X @ Bowery Ballroom (night 1 of 3) in NYC – pics & review
LA Punk legends X, with the full original lineup, played their first of 3 nights at the Bowery Ballroom doing a ‘greatest jukebox hits’ TRL presentation of fan-voted favorites. X was and still is a great band who did something with punk that was well beyond the genre’s narrow parameters. They combined rock-a-billy mutant guitar riffs, vocal hamonies, deceptively simple structures and poetic lyrics into a fully integrated and unique sound.
I knew this show would be interesting as 18 year-old punk-nouveaus and 50-something survivors filed into the venue side by side. A trio of youngins did something to draw the ire of the head bouncer who then served up some military justice demanding “Drop and give me 40″ before allowing entry. “This sucks!” one of ’em griped before submitting to Drill Sergeant, who then made them jog through the line into the club- “Hustle! Hustle!”
Steve Soto (of Agent Orange and The Adolescents) and the Twisted Hearts opened the show with an energetic but generic set of country punk.
A gaggle of teens gathered behind this tired and wary photographer, one of them was heard to remark, “OMG there is a girl here with braces! … maybe they are adult braces.” Some highly devout fans were spotted with home-made X t-shirts, handfulls of ticket stubs from other shows and obsessively cribbed set lists. T-Bone watched from the back with photographer Terry Richardson.
X played songs that ranked high on their listener poll.
They opened with “Some Other Time” following up with “Los Angeles” (#2 Ranked). John Doe joked that the crowd had voted for nothing but slow ballads before kicking in to “Hot House”. Other X gems included “The Have Nots” (a drinking song), “Nausea” (framed as ‘the morning after song’), “We’re Desperate”, “Soul Kitchen” and “Breathless” (the Jerry Lee Lewis classic from the soundtrack of the 1983 Richard Gere film of the same name).

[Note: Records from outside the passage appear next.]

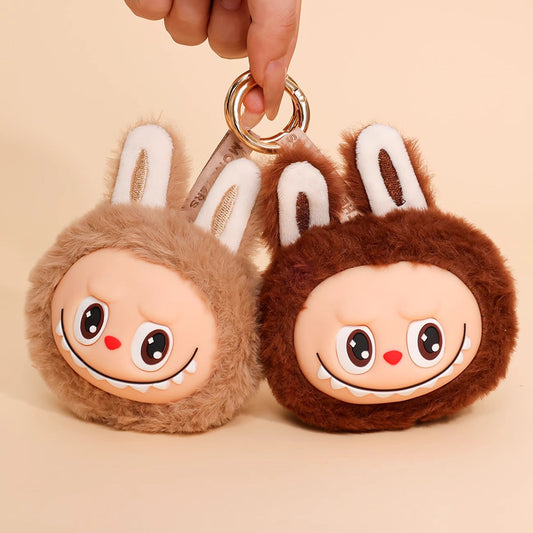 Labubu Face Keychain
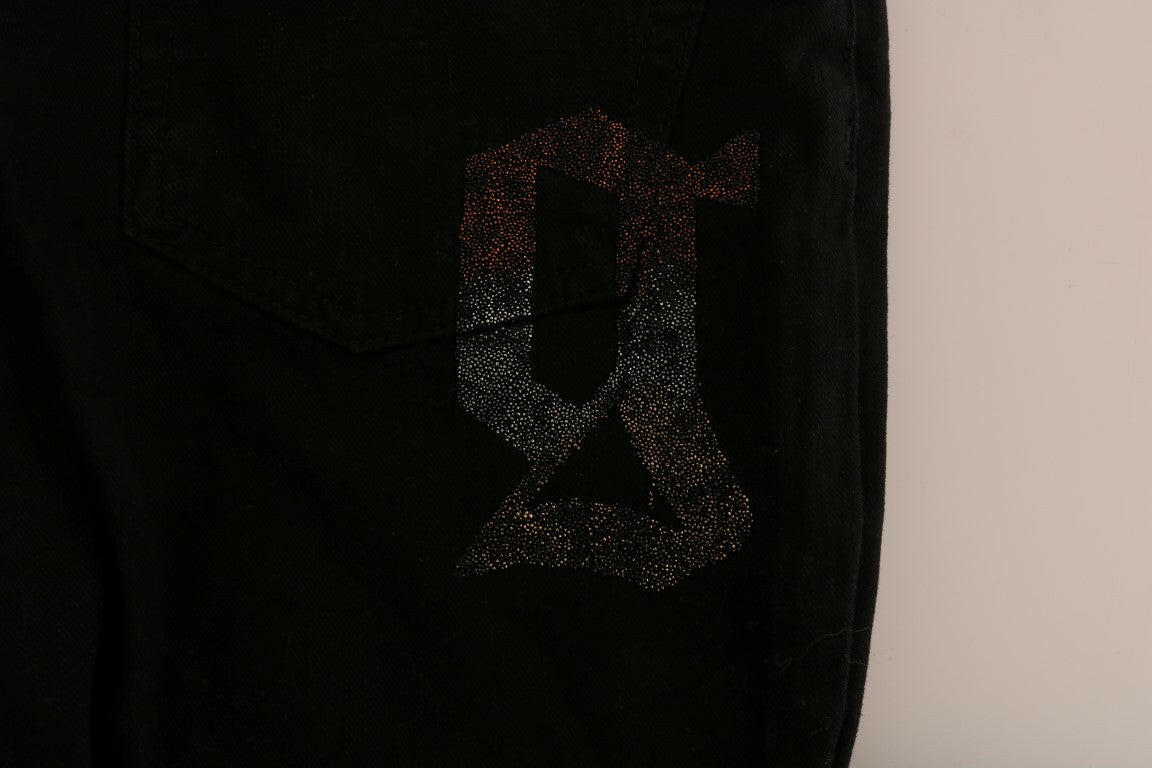 John Galliano Black Cotton Denim Stretch Regular Fit Jeans -   -  John Galliano.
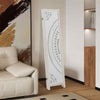 Boho 4-Panel Room Divider Office Privacy Screen with 360° Hinges-White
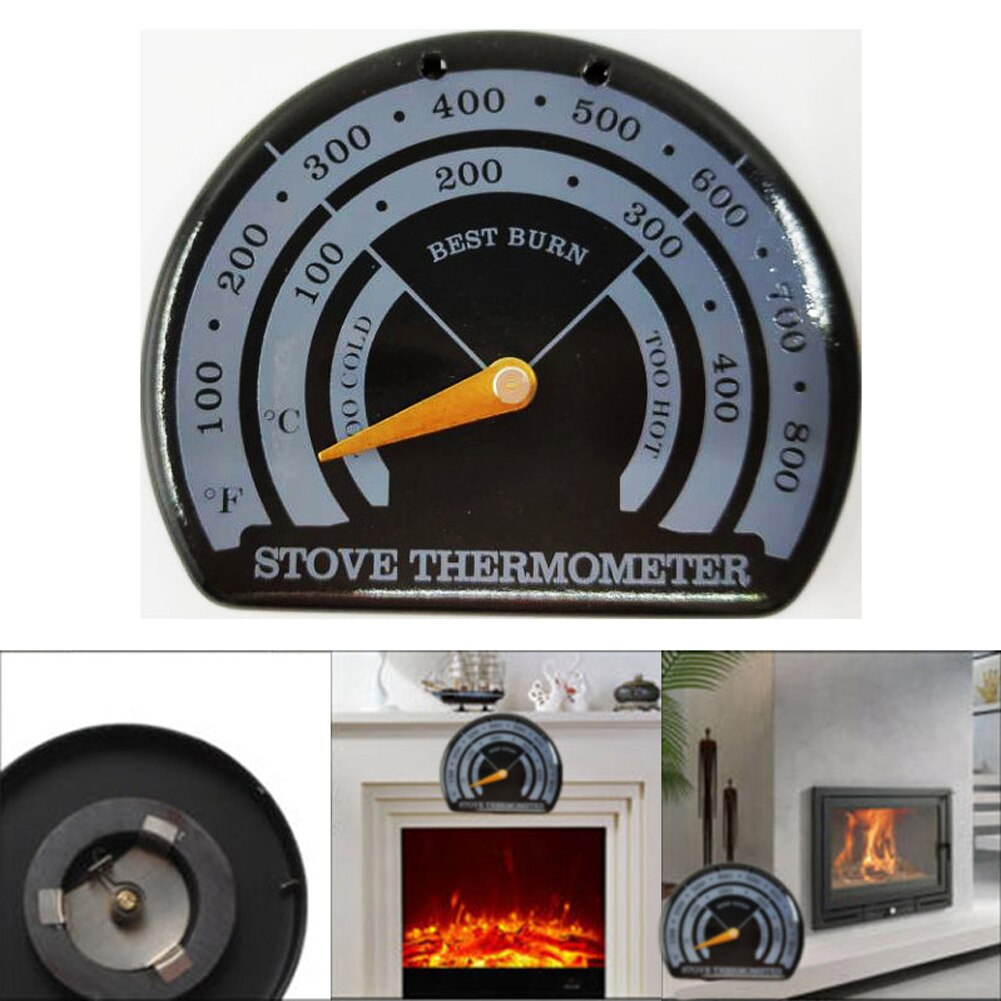 Komfur termometer pointer brænder måler pejs dele emalje hjem køkken temperatur mål korrosionsbestandigt værktøj grill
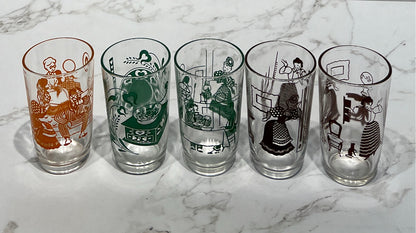 Set of 5 Swanky Swig Glasses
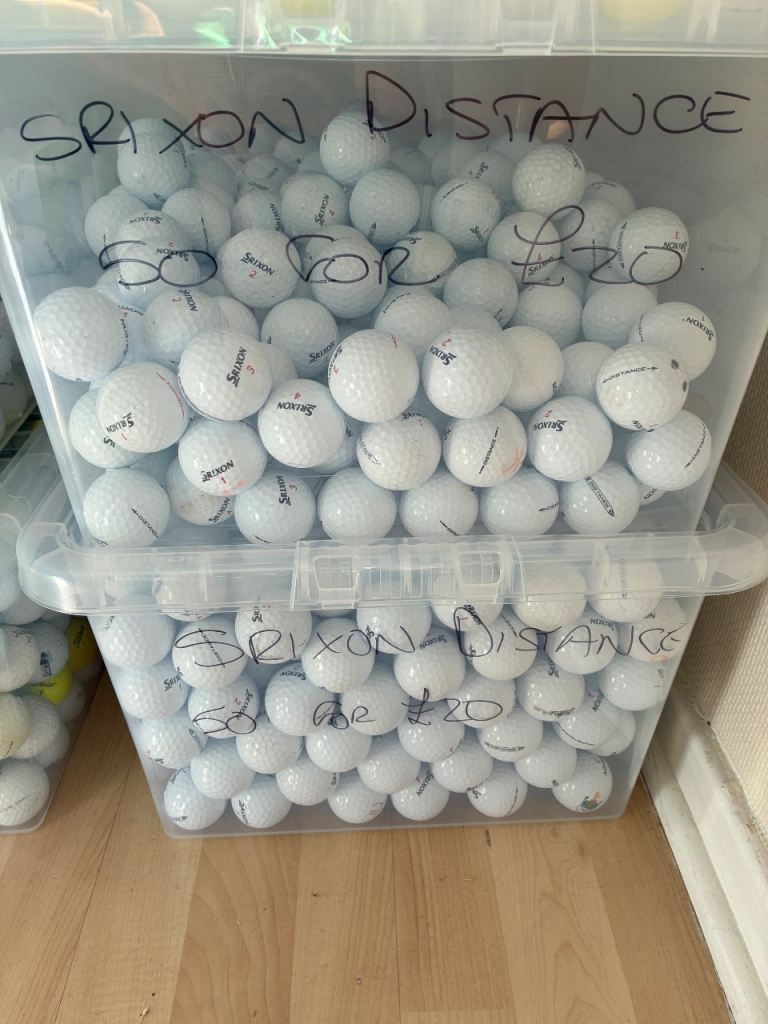 50 x Srixon Distance golf balls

Billy Zoom occupied his own little world, with trademark frozen smile, winking eyes and ken-doll rockabilly looks. Exene just looked pissed and disapproving of the whole spectacle (as usual) pressing her hand to her ear to hear the harmonies. John Doe and DJ Bonebreak pushed the show on with sweaty, pounding energy.

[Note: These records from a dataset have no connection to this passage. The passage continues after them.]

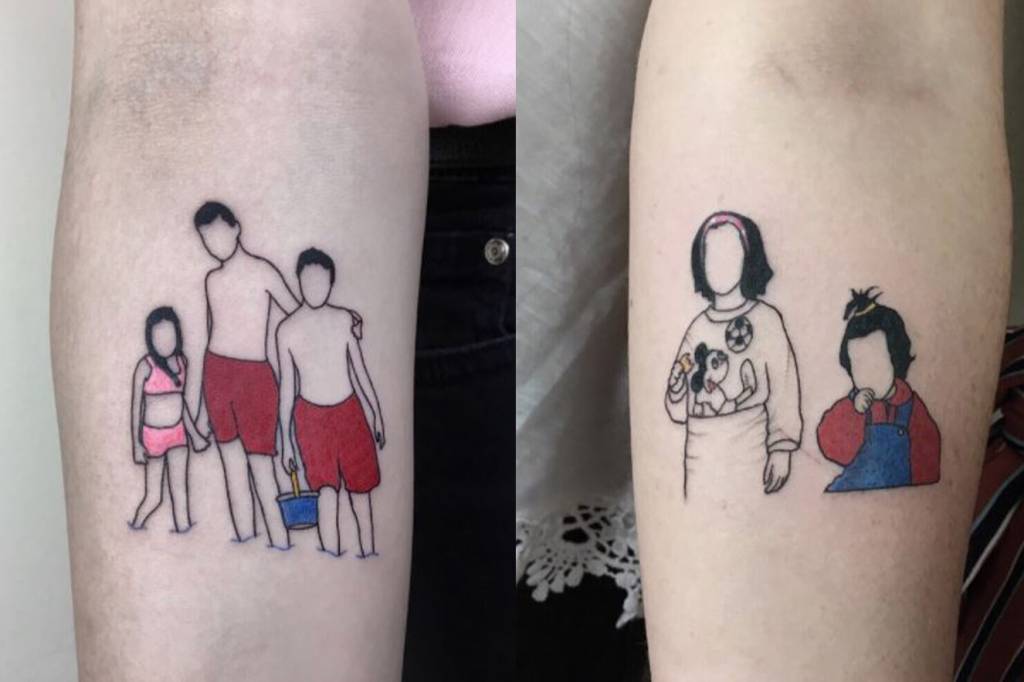 Artista transforma fotografias antigas em tatuagens incríveis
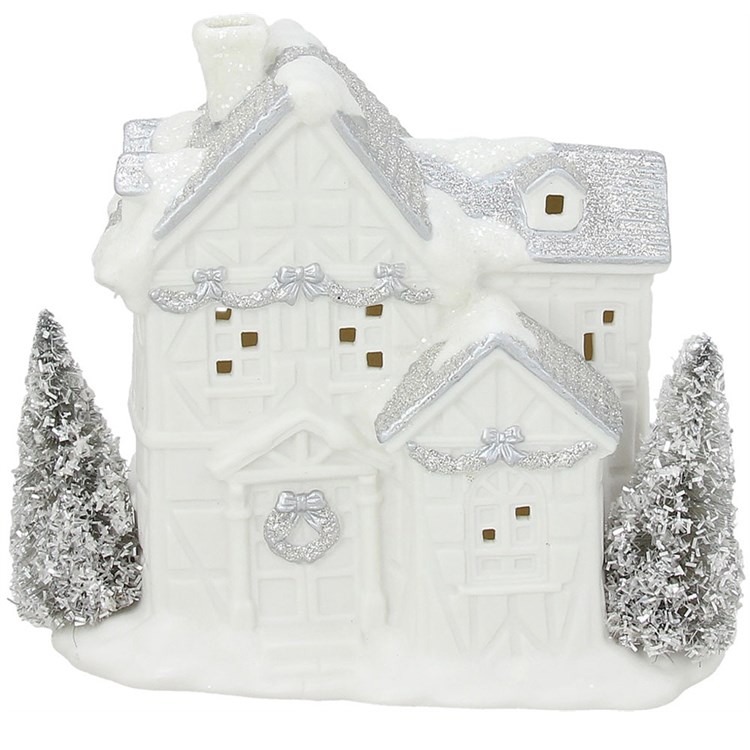 Casetta In Porcellana Con Alberi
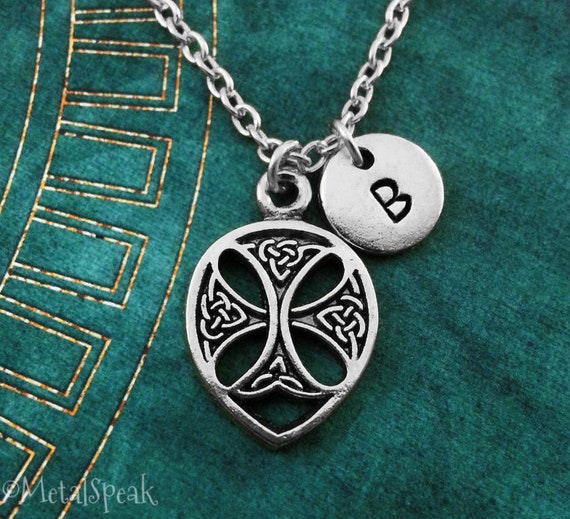Celtic Cross Necklace Celtic Knot Necklace Celtic Shield | Etsy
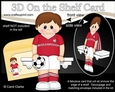 3D On the Shelf Card Kit - Little Footballer Ignacio plays for Middlesbrough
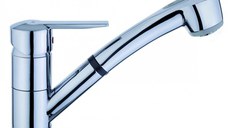 Baterie bucatarie Teka MTP 978  dus extractibil cu doua tipuri de jet  crom EXPUS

A fervent mosh pit of both the young and not-young-anymore slammed into a steadfastly stationary wall of an equally mixed demographic. I was caught in the middle, being knocked into a very pissed 50- something who wasn’t familiar with Newton’s laws of physics and blamed it all on me. Later her equally grumpy lady-friend elbowed one of the dancers in the face. A punk kid with about 30 piercing in his ears and an X tattoo on his hand meticulously scribbled down the set list and took pics with a point-and-shoot.
X did three encores that included “White Girl”, “The Worlds A Mess”, “Blue Spark”, and “Your Phone’s Off The Hook”. John and Exene did “I must not think bad thoughts” as a duo with acoustic guitar. It was a great show.